Le chanteur le répète un certain nombre de fois dans les paroles : tout ceci n’est que pour un flirt. Si l’on se fie à la définition du Larousse, il est donc prêt à absolument tout (manger du gratin de choux-fleurs, marcher sur les mains, bref, ajoute ce qui t’arrange à la liste) pour un terme démodé qui signifie « avoir des relations amoureuses plus ou moins platoniques et passagères avec quelqu’un ».

Vraiment ? Tout ça pour du platonique et passager ? Chacun fait ce qu’il veut de son emploi du temps, mais ça me paraît drôlement chronophage pour quand même pas grand-chose. Courage.

Autre aventurière de l’amour qui rame à fond, Adrienne Pauly chantait en 2006 dans J’veux un mec son exigence absolue de l’amour, quitte à négliger franchement l’objet de son affection :

« J’veux un mec / Viens le mec / Ton avis j’en ai rien à foutre / Tes amis j’en ai rien à foutre »

Je peux envisager qu’Adrienne Pauly soit désespérée, mais tout ceci me semble tout de même bien insistant et un peu agressif. Ne serait-il pas moins oppressant de commencer par dire « je voudrais » ? La chanteuse décrit un mépris total et affiché pour la personne aimée et son entourage, ce qui ne donne pas très envie !

Personne ne réclame d’être traîné dans la gadoue sous prétexte d’amour. Au contraire, comme l’expliquaient avec force verbiage les Spice Girls dans Wannabe, « si tu veux être mon amoureux•se, tu vas devoir t’entendre avec mes ami•e•s »

Les hommes n’ont donc pas le monopole de l’amour étouffant. La preuve en la personne de Shania Twain, avec son titre I’m gonna getcha good, sorti en 2002. Dans ce texte, la chanteuse explique l’air de rien qu’elle va bien finir par « pécho » l’homme qu’elle veut, avec autant de détermination que Liam Neeson lorsqu’il décide secourir sa fille dans Taken :

« Alors, n’essaye pas de courir chéri, l’amour peut être fun / Il n’y a pas besoin d’être seul quand tu trouves cette personne / Je vais t’attraper, je vais t’attraper pendant que je t’attrape dans un soupir / Je vais t’attraper si ça prend toute la nuit »

Soyons clair•e•s : le harcèlement, quel que soit ton genre, ça n’a jamais provoqué l’amour. Ce genre de logique a donc toutes les raisons du monde de faire un plat à la piscine, en plus d’être franchement dangereuse lorsqu’elle s’échappe le top 50.

Les psychopathes assumés

Il y a enfin, dans le monde fictif de la chanson française, ceux qui aiment au point de faire du mal à la personne qu’ils kiffent, et donc qui aiment mal. C’est ainsi que de légèrement flippant, on atteint le stade du carrément terrifiant. Alors oui, bien sûr, un meurtre, ça passe bien dans un roman, mais on n’est pas chez Roméo et Juliette, et dans la réalité, aimer, c’est ce qu’il y a de plus beau… surtout quand tout le monde s’en sort vivant. 

Ce qui n’empêche pas certains textes de revendiquer la violence au nom de l’amour. Ainsi est le Requiem pour un fou, single de 1976 dans lequel se déploie toute la folie vocale de Johnny Halliday. La chanson s’ouvre sur un Johnny qui menace de flinguer tous ceux qui rentreraient dans son périmètre, et tout cela parce qu’il est fou amoureux.

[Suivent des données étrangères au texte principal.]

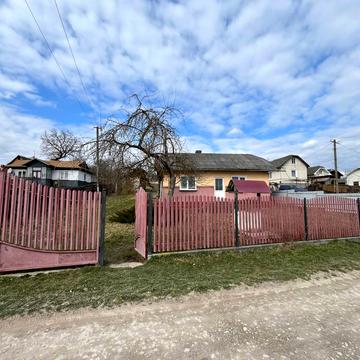 Лесі Українки, 28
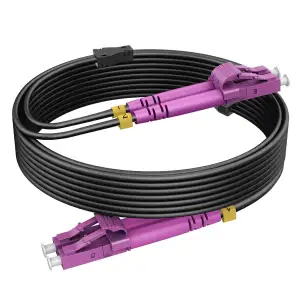 30m Gepanzerte Glasfaser-Kabel OM4 LC auf LC Duplex Multimode, LWL-Kabel für den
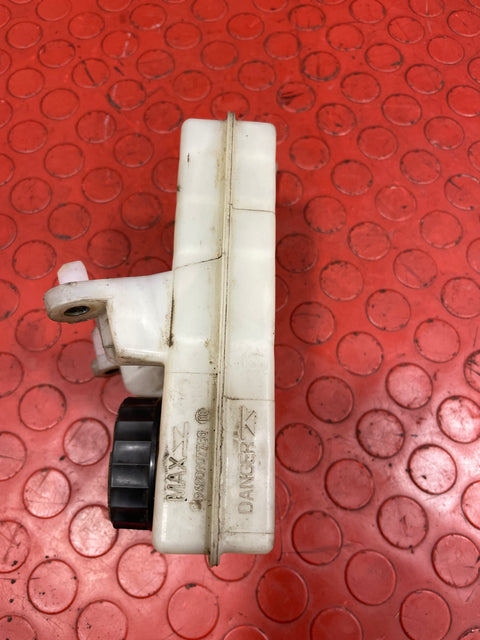 Citroen Berlingo/Peugeot Partner BRAKE FLUID RESERVOIR 1.6 2008-2018 P/N 9680907780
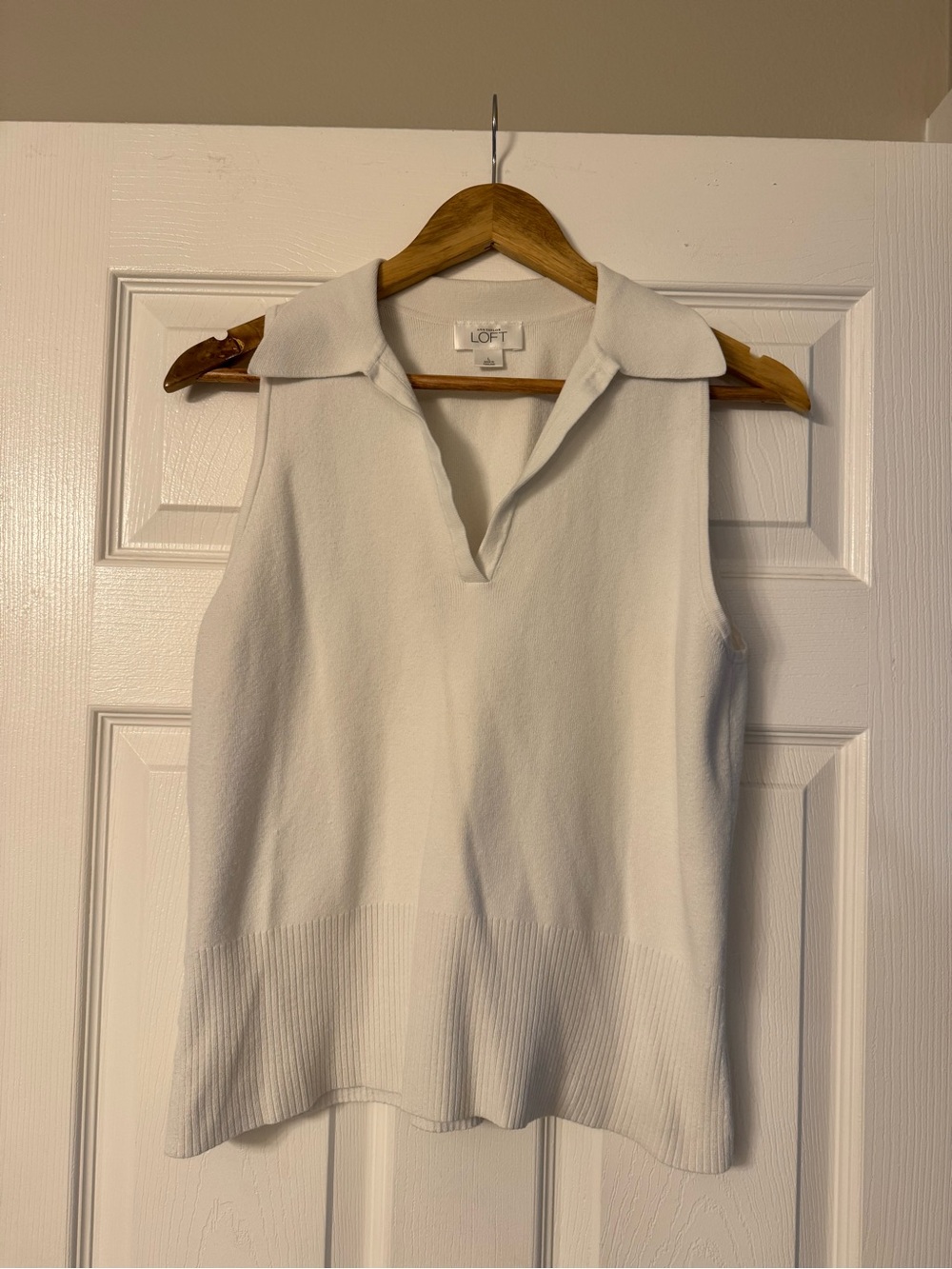 LOFT Collared White Tank Top Size Large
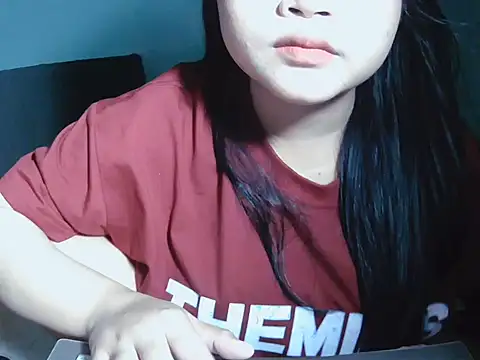 Lily3322 online show from August 6, 6:26 pm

Je te laisse deviner comment ça se termine (mal). Indice : le premier cadavre n’est pas celui du personnage principal, puisqu’il faut qu’il termine le concert.

Peut-être ne soupçonnes-tu pas Anaïs, dont tout le monde a retenu qu’elle haïssait les couples qui se rappelaient lorsqu’elle était seule… mais ça, c’était en 2005. Il existe pourtant plus inquiétant : dans le même album, The Cheap Show, la chanteuse explique dans Je t’aime à en crever qu’elle est folle de quelqu’un, au point d’en avoir des comportements quelque peu agressifs :

« Oh oui je t’aime, je t’aime à en crever… tes pneus pour que tu restes là […] Mes rêves m’éloignent loin de ton corps, j’ai peur de perdre ton odeur / Et même si je te serre très fort, je ne peux m’empêcher d’avoir peur […] Je n’aime que toi, mais tu prends l’air méfiant… pourquoi tu dis que je te fais peur? »

Oh, je ne sais pas vraiment mais, peut-être parce que ce n’est pas très rassurant de savoir que quelqu’un est prêt à s’attaquer à ta voiture pour mettre sa langue dans ta bouche ? Et puis mince, ça coûte cher, les pneus.

Cela dit, concernant Anaïs, il s’agit d’un texte humoristique qui parodie les soupirant•e•s un peu extrêmes. Sois donc rassuré•e (mais planque ta caisse, au cas où). Après tout, ces mots chantés ne sont que des paroles fictives que leurs interprètes, pour la plupart, n’appliquent pas dans la réalité….

N’est-ce pas ?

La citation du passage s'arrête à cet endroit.